Forget the marketing

One day a guy came to me, he was supposed to be a marketing consultant, and he told me “We have a system of evaluation during R&D to understand beforehand what will be a success and what won’t.” I asked him, “Where do you come from?” He said, “I travel around but am based in Milan.” “So,” I said, “you don’t live in Montecarlo on a yacht?” He said, “No.” “So, you are not that good because if you know beforehand what would be a success you would be the richest man in the world. You would have a 70-metre yacht in Montecarlo and a special jet.
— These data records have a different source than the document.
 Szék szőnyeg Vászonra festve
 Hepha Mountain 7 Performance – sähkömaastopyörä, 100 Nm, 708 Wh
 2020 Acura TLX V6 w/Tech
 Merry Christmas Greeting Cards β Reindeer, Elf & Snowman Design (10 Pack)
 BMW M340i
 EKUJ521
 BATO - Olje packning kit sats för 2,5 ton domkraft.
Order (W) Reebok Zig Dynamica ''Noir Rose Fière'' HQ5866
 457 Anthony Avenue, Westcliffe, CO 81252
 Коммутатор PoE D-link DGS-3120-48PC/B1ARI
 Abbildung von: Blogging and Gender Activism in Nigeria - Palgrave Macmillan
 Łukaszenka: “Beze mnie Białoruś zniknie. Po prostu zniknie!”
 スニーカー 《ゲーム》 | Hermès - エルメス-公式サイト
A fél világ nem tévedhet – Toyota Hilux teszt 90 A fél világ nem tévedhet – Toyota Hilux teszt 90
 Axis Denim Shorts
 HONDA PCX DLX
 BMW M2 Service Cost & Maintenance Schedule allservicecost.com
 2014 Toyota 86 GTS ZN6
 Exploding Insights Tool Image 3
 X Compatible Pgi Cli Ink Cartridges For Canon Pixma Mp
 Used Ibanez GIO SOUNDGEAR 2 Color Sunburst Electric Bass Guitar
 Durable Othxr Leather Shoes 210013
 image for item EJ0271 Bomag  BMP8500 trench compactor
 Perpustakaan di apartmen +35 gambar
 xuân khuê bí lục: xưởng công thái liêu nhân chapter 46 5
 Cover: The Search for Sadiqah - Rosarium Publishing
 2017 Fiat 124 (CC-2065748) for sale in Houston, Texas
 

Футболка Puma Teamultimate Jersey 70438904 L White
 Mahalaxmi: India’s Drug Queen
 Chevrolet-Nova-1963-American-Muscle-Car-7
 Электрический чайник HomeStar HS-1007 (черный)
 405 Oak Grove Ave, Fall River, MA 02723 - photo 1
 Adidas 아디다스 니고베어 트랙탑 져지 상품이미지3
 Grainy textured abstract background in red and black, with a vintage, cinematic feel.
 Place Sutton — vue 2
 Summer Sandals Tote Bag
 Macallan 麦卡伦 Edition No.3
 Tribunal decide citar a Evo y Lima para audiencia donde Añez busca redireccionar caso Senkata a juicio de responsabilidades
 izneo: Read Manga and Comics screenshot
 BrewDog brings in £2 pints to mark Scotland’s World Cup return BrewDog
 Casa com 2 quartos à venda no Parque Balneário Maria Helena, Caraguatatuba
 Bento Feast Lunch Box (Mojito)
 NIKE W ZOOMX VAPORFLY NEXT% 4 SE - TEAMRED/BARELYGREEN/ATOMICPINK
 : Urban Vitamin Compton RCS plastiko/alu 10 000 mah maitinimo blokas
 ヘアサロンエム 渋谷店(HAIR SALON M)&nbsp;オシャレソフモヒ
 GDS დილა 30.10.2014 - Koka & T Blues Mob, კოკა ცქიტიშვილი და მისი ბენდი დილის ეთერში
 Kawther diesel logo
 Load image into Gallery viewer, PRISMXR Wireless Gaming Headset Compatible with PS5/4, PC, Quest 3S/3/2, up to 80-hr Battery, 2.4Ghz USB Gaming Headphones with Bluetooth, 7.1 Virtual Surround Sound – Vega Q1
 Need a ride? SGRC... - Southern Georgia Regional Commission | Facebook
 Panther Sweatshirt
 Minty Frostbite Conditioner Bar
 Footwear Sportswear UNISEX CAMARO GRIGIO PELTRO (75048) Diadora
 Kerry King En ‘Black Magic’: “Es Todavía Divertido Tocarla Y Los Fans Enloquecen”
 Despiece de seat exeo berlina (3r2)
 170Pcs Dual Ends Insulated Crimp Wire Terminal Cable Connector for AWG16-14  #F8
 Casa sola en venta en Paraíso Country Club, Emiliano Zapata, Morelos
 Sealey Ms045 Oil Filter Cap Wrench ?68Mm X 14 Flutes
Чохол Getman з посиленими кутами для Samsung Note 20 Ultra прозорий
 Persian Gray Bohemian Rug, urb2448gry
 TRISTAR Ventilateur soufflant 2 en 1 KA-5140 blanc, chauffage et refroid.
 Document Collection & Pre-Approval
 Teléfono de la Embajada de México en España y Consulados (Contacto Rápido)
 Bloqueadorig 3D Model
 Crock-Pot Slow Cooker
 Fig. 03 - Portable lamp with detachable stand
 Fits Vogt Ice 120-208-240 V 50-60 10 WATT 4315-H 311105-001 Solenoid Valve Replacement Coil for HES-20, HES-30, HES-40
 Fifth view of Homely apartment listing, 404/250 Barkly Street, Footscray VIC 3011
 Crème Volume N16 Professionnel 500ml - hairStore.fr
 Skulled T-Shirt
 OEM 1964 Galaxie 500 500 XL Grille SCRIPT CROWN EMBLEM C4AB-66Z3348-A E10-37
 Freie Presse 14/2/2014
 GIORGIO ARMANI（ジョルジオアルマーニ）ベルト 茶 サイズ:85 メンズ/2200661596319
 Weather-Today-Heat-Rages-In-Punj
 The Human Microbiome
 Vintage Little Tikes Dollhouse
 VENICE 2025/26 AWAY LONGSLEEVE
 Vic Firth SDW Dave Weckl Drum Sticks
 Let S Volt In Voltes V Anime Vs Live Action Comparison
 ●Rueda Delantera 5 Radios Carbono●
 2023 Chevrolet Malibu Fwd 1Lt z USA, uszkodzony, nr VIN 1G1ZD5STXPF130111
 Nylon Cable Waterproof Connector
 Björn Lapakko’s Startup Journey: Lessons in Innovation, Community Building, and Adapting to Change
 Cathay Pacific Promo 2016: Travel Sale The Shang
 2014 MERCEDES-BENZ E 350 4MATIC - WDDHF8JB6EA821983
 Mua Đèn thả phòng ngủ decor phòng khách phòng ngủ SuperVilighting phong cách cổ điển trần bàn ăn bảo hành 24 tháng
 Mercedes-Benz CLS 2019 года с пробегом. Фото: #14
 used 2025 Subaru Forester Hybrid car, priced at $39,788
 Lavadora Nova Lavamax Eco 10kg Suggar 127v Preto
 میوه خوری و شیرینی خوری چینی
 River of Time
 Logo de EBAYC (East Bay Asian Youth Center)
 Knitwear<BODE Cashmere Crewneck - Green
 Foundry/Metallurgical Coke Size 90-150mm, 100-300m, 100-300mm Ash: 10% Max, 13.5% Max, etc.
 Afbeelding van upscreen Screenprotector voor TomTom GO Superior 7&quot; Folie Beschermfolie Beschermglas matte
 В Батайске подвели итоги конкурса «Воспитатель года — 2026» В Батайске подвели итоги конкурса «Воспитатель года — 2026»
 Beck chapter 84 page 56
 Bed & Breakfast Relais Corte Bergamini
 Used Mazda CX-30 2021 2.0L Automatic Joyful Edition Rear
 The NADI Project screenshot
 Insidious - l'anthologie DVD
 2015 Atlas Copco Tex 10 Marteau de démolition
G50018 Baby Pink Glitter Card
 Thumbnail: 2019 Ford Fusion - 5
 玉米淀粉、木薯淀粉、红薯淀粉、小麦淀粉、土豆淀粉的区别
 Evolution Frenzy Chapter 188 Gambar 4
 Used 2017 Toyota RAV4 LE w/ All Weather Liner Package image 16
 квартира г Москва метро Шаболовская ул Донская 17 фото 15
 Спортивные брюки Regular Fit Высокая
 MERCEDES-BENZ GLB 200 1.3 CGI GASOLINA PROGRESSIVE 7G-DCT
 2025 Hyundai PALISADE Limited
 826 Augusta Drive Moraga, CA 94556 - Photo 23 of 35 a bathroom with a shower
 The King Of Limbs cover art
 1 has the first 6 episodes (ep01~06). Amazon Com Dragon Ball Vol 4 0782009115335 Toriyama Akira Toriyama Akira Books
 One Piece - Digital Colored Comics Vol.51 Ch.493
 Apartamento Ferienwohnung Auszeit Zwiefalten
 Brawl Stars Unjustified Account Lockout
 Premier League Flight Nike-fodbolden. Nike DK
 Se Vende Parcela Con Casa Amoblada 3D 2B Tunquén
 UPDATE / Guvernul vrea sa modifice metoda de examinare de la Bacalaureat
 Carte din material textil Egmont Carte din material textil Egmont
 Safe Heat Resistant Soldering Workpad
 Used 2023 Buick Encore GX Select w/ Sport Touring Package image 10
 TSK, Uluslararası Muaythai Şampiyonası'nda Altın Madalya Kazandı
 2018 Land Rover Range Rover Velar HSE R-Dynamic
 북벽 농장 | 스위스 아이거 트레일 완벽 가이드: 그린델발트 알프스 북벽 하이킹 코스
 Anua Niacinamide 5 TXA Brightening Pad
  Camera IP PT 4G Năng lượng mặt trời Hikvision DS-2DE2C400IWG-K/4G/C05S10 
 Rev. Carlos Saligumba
But if you came with your car on the highway I don’t think you’ve got a perfect system.” So he left the room.

Philippe Starck’s D’E Light

There were already some lamps on the market that have an iPhone recharger. They look like monsters. I expect them to make coffee, too. I don’t believe in a gadget that can do everything – it seems vulgar. To justify useless machines, they emphasize design, creating something that pretends to look incredible in order to be paid a crazy price for it.

D’E Light is one seamless block, which creates enormous production problems, especially when you have to polish it, but this gives the product integrity. It’s the contemporary version of the lectern. Everything remains elegant; this is how we work.

LED evolution

Everything in Flos is now being made with LEDs, or being retrofitted with LEDs. LED manufacturers now have a better sensitivity about the quality of light they’re producing. At the beginning it was only about efficiency. Why penalize the quality of light to win 10 per cent efficiency? We provide light for your home where you eat your food, read your book; it doesn’t make sense that we give you 10 per cent more efficiency, and you looked blue under the light. LEDs were also bad at CRI, or the chromatic rendering index [which refers to how colours are represented, so that a red apple looks red, and a blue ball looks blue under the light]. But when you’re obliged to work with something then you work with it. It stimulates creativity, and pushes producers to create a better LED. Thanks to that, we’re now using high-CRI LEDs with a warm temperature.

Soft Architecture

A Dutch friend called me up one day and said “I saw a couple of Belgian guys, in a very small booth in a Belgian fair, with something that looked fantastic but I can’t tell more because I only have a business card.” Sometimes you have to have trust and you have to react fast. So I said okay, I’ll go visit them next week. These guys developed a material to be integrated in gypsum and plaster architecture; it was Cradle to Cradle, fire-resistant, light and robust. We decided to buy the patent. The original concept was less about lighting and more about the material. We thought it much better to develop it with lighting – to create a fusion between light and architecture, material and non-material, so it looks like the architecture itself provides the light. It took us three years to get ready but now it’s exploding, with a fantastic result. It’s being used in hotels, retail chains. We’re very close to architects, lighting designers and interior decorators. Normally the lighting comes in at the end of the discussion, but with this system we’re there at the beginning.

I think only Flos is the only lighting company that does both technology and emotion well. My father told me the difference between a brave guy and a stupid guy is the result.

Piero Gandini was in Toronto in January for Conversations in Design, the symposium hosted by the Interior Design Show, as well as the opening of Lightform, a showroom partially dedicated to Flos products.